Aujourd’hui, sur cette ferme, les passages des premiers fongicides chimiques ont donc été supprimés et remplacés par les macérations d’ortie, et les passages suivants (dernière feuille étalée et épiaison) sont pulvérisés à demi dose de fongicide chimique. Le coût a été divisé par 2 pour cette ferme, arrivant aujourd’hui à 40€/ha pour le passage d’un fongicide.

Investissements, avantages et gains

Les investissements sont évoqués : les cuves ont été ici récupérées, et le plus gros investissement a été le redoxmètre (300€ environ).

L’utilisation de ces PNPP a ici entrainé un gain économique mais aussi environnemental, avec une baisse des IFT qui a permis d’obtenir la certification HVE de niveau 3. Par ailleurs, cela a permis une baisse des strobilurines (molécules utilisées comme fongicides) dans les plantes cultivées et donc une meilleure dégradation des pailles.

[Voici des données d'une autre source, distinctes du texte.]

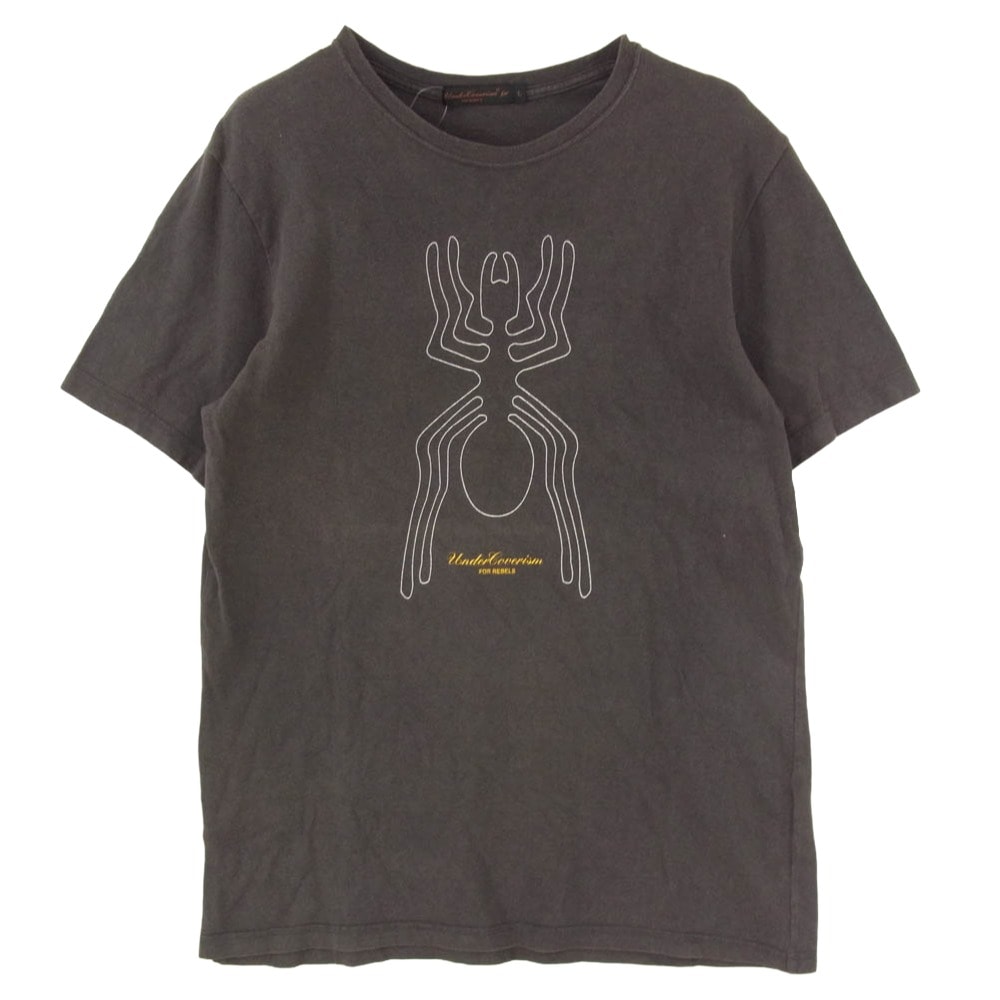 UNDERCOVER アンダーカバー FRAGMENT DESIGN フラグメントデザイン × FRAGMENT アーカイブ ナスカ 地上絵 プリント クルーネック Tシャツ グレー系 L【中古】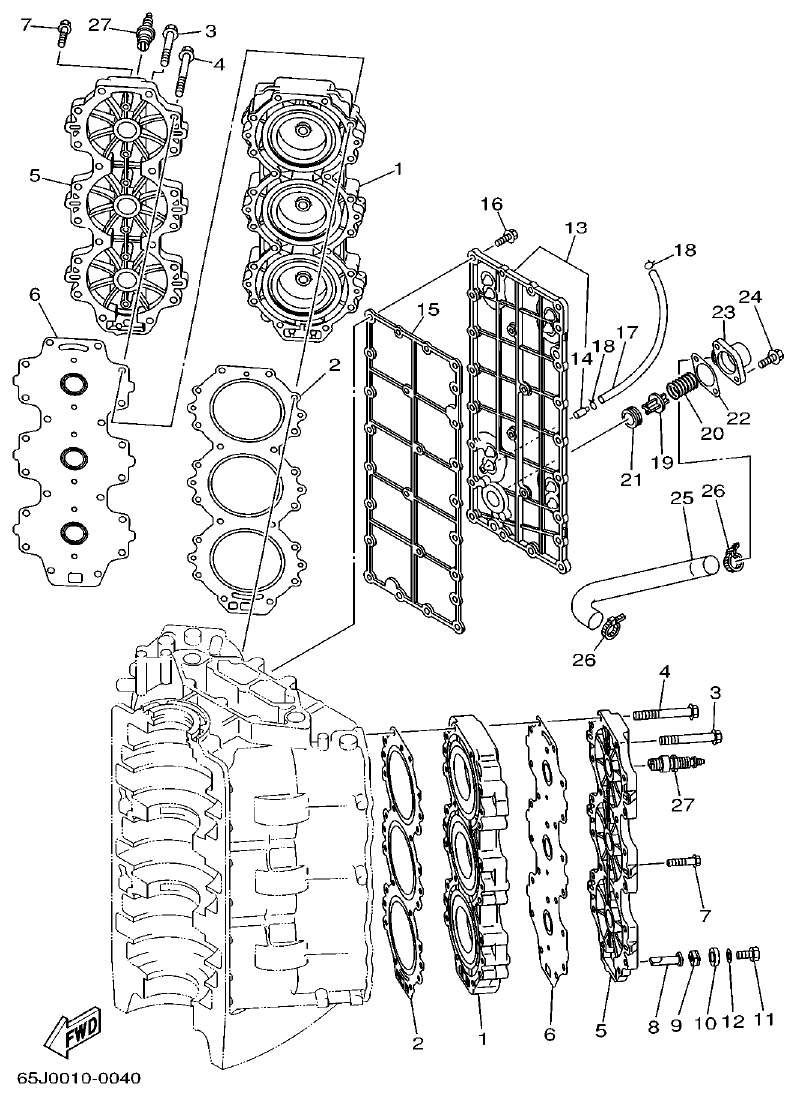 Yamaha L225FETO CYLINDER. CRANKCASE 2 parts diagram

Par rapport à un produit acheté dans le commerce, le coût de production d’un extrait fermenté d’ortie à la ferme est ici de 0,02€ par litre, alors que dans le commerce c’est 5 à 6€ le litre.

Points de vigilances à l’utilisation des PNPP

Être bien formé est un point important pour ne pas faire d’erreur dans la macération et son suivi. Le plus gros risque est la putréfaction du produit, ou la pulvérisation d’un produit aux valeurs de pH et Redox mauvaises ou au mauvais moment. Cela peut alors être contreproductif et développer les maladies.

Une attention particulière doit être portée sur la qualité des plantes utilisées et de l’eau.